What’s the biggest risk you’ve ever taken?
Choosing to leave a fantastic role and team at Cisco after nine years – and Silicon Valley more broadly speaking – in 2016 to take a year out of my career and travel with my partner.
Choosing to walk away (however temporary) from an amazing technology career at an amazing company in an amazing part of the world is a scary thing to do when you’ve identified with your professional self for so many years. I spent the first three months wondering if I’d ever get rehired, frantically researching tech trends for fear of not staying relevant!
Turns out it was also one of the most personally and professionally rewarding decisions I’ve ever made. It set me on my path back to Ireland and new career opportunities with greater life perspective, exposure to different cultures, adaptability and appetite for learning, unlearning and relearning.
What one work skill do you wish you had?
Only one? Masterful storytelling.
How do you get the best out of your team?
By listening. Listening to what’s going on for them personally as well as professionally and being as supportive as possible.
Understanding long-term career goals and offering coaching directly and indirectly to help my teams move closer to those goals or make connections that may accelerate them.
Adopting a people-first approach, creating and communicating our collective purpose and having fun has been the basis for any team successes to date.

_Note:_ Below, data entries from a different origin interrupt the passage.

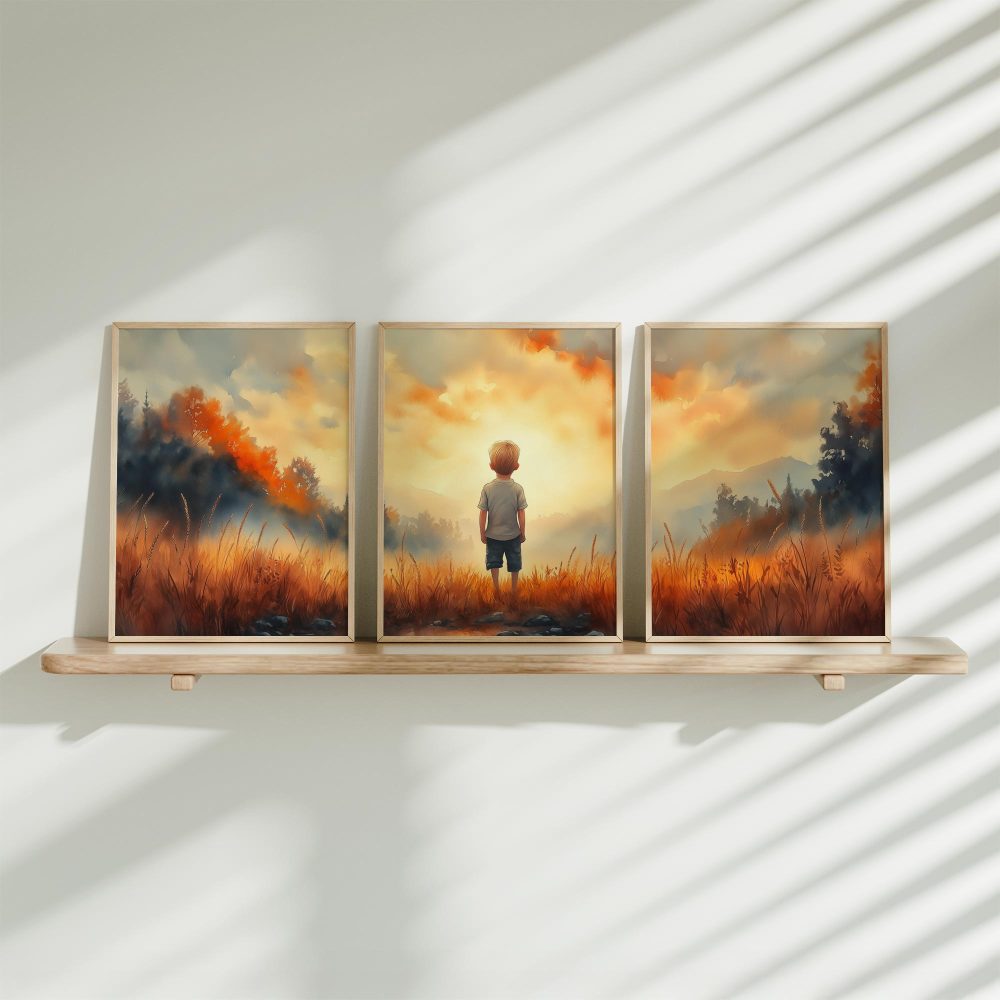 Dromerige Jongen in Gouden Grasveld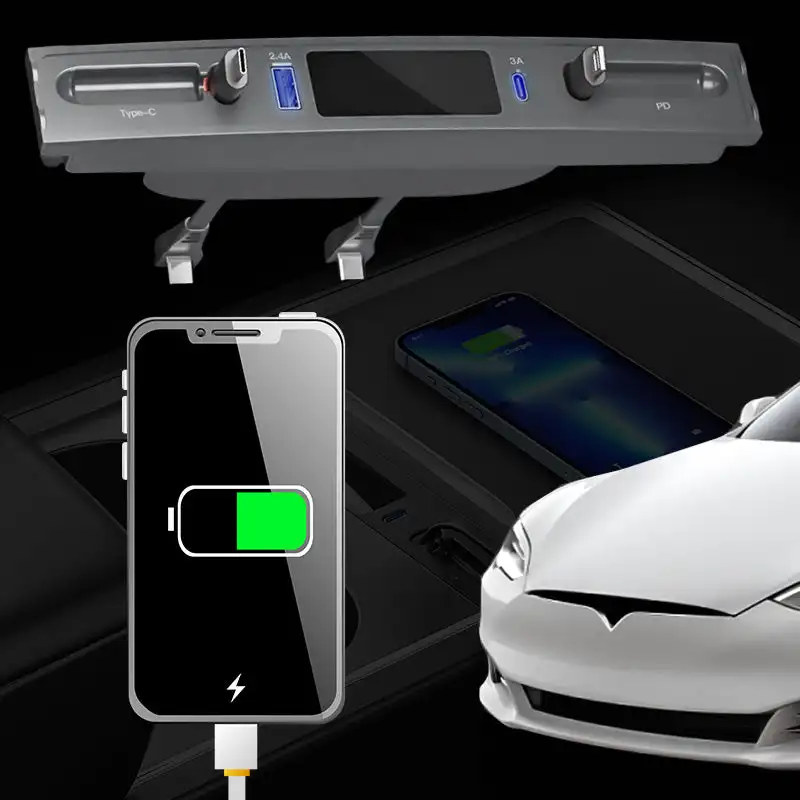 The New Model Suitable for Tesla Expansion Dock Model 3/Y Central Control USB Expansion PD Fast Charging Car Charging Dock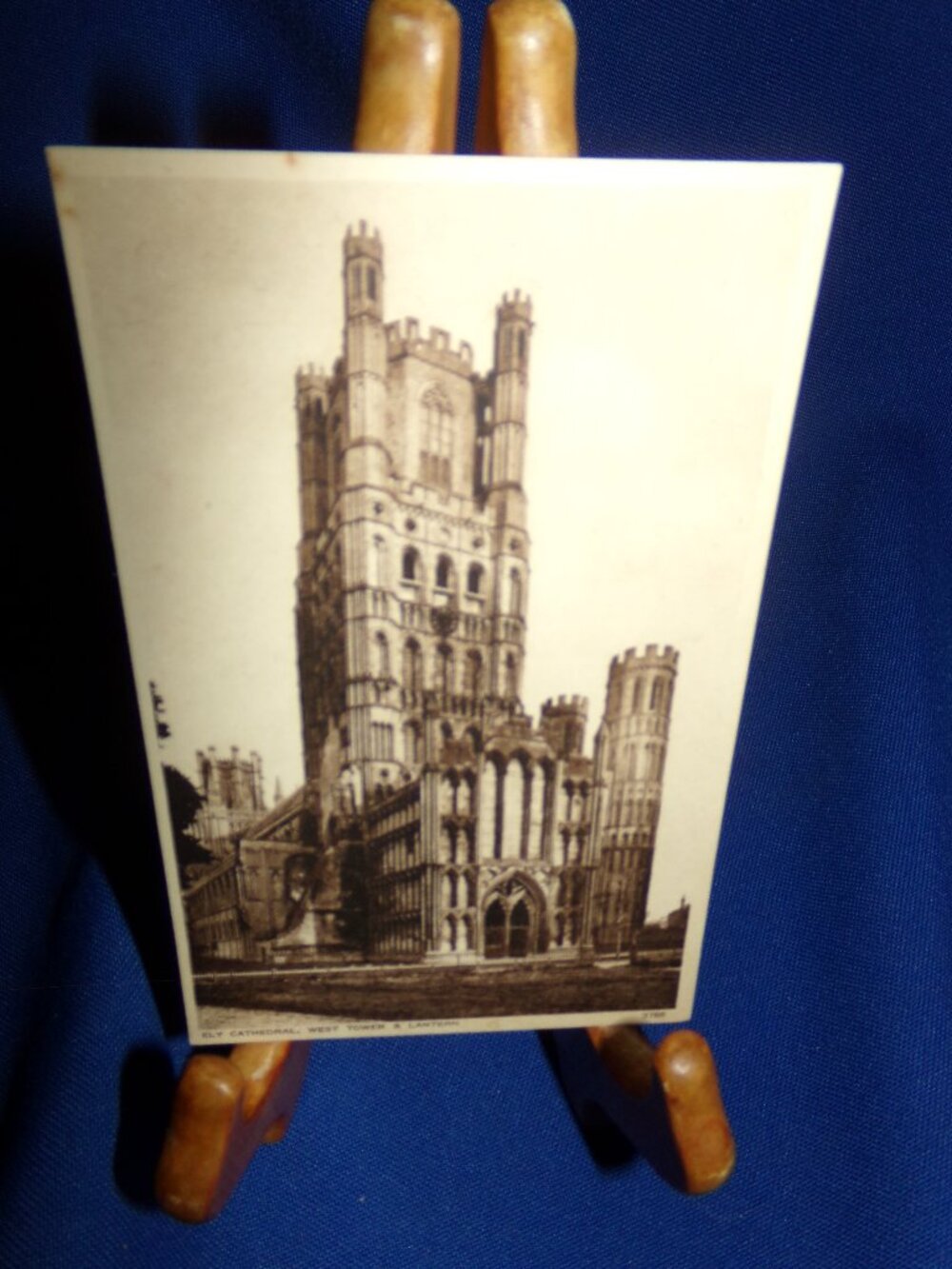 Vintage Ely Cathedral Sepia Postcard - West Tower & Lantern - Great Britain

Have you noticed a diversity problem in your sector?
Yes. Despite ongoing media attention and some genuine efforts to improve the situation, there is a lot of work still to do. For me, there is a big distinction between hiring diverse candidates and promoting an environment of inclusivity in the workplace, so I personally compartmentalise the two.

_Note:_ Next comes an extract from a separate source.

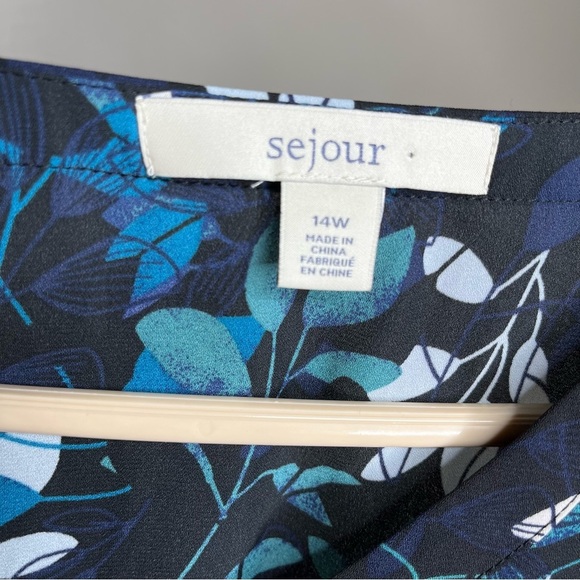 NWT Sejour Leaf Pattern Print Long Sleeve Button Down Front Blouse Size 14W - Picture 9 of 10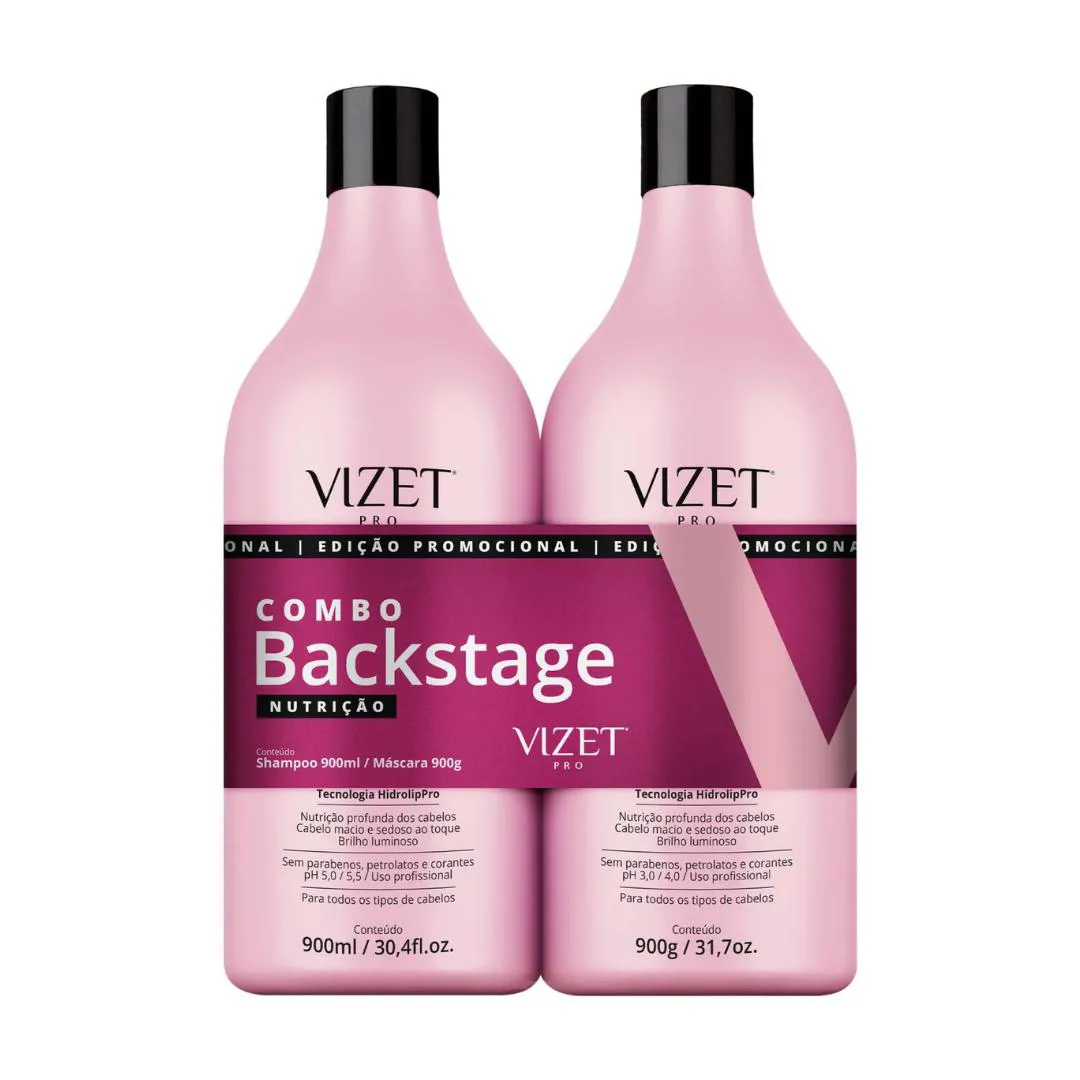 KIT VIZET BACKSTAGE NUTRIçãO SHAMPOO MáSCARA 900ML+900G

I believe fundamentally that education lies at the heart of overcoming bias inherent in all hiring managers so investment in meaningful training programmes is critical. Hiring processes need to have the appropriate checks and balances in place to complement the training and companies need to get more involved in community-based programmes that are in direct support of pipelining diverse talent from non-traditional backgrounds. Hybrid working arrangements and offering more flexibility are also critical to attracting more diverse talent.
Fostering an inclusive environment where every employee feels like they truly belong and can show up as themselves is more onerous. This only occurs as a result of investment being made in culture, allyship training, tools and techniques around meeting etiquette as well as regular sentiment surveys etc. It also depends on how a company’s leadership is modelling that inclusivity.

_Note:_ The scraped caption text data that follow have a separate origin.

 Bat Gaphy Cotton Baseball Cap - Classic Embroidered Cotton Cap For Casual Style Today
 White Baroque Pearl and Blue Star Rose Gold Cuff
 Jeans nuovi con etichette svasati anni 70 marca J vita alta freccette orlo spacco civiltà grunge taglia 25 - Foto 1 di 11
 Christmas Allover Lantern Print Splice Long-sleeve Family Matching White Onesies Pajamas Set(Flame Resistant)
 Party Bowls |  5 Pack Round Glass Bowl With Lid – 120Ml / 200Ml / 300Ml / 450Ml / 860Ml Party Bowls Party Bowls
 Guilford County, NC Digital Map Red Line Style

How business results are achieved is as important as what is achieved and establishing real leadership accountability around that at every level in an organisation is critical.
What’s the best piece of career advice you have ever received?
‘You’re not the first person to have experienced this issue!’
Google, partner, collaborate, speak up – do your research before setting about to solve a problem that someone else may have already solved and be willing to help you with. Build upon what already exists or make a conscious choice to move forward with an independent solution having performed the cost-benefit analysis, but invest some time in the research – it generally pays off.
What books have you read that you would recommend?
- The Brain: The Story of You by David Eagleman – a great reminder of why we don’t all see things the same way!
- Dare to Lead (or anything) by Brené Brown
What are the essential tools and resources that get you through the working week?
Breathing, fresh air and sleep! Yoga, meditation and getting outside to exercise are my work (and life) ‘tools’ of choice to keep me in balance.
With hybrid working arrangements, it’s more important than ever to manage calendars in such a way that there are regular breaks built in and to model that for teams. To do otherwise inevitably results in a lack of productivity, however counter-intuitive.